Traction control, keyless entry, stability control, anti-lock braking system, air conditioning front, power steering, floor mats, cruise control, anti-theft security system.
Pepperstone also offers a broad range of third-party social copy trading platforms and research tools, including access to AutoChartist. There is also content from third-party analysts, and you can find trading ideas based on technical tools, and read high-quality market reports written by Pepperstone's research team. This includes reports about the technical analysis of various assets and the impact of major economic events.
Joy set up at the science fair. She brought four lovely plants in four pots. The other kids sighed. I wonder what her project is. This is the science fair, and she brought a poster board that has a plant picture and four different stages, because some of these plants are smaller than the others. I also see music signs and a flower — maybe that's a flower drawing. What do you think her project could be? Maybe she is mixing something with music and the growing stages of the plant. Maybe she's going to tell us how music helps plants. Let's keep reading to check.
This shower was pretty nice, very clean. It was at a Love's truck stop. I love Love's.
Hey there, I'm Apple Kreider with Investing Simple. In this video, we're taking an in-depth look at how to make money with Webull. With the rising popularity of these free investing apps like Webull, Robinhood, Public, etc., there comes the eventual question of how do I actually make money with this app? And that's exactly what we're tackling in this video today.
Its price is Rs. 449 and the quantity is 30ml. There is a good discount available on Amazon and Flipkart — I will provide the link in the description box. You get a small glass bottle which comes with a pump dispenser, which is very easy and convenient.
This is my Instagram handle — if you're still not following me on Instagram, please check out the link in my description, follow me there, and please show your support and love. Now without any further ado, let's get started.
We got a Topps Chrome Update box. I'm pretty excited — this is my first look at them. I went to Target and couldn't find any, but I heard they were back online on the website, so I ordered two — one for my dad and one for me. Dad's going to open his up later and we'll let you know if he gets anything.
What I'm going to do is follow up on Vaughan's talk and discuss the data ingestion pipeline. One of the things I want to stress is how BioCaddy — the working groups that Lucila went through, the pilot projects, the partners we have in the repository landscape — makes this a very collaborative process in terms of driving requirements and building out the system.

▶ Task to carry out: Across the records above, how many lines contain the word "pretty"? Please give that number alone.

▶ Reply: 2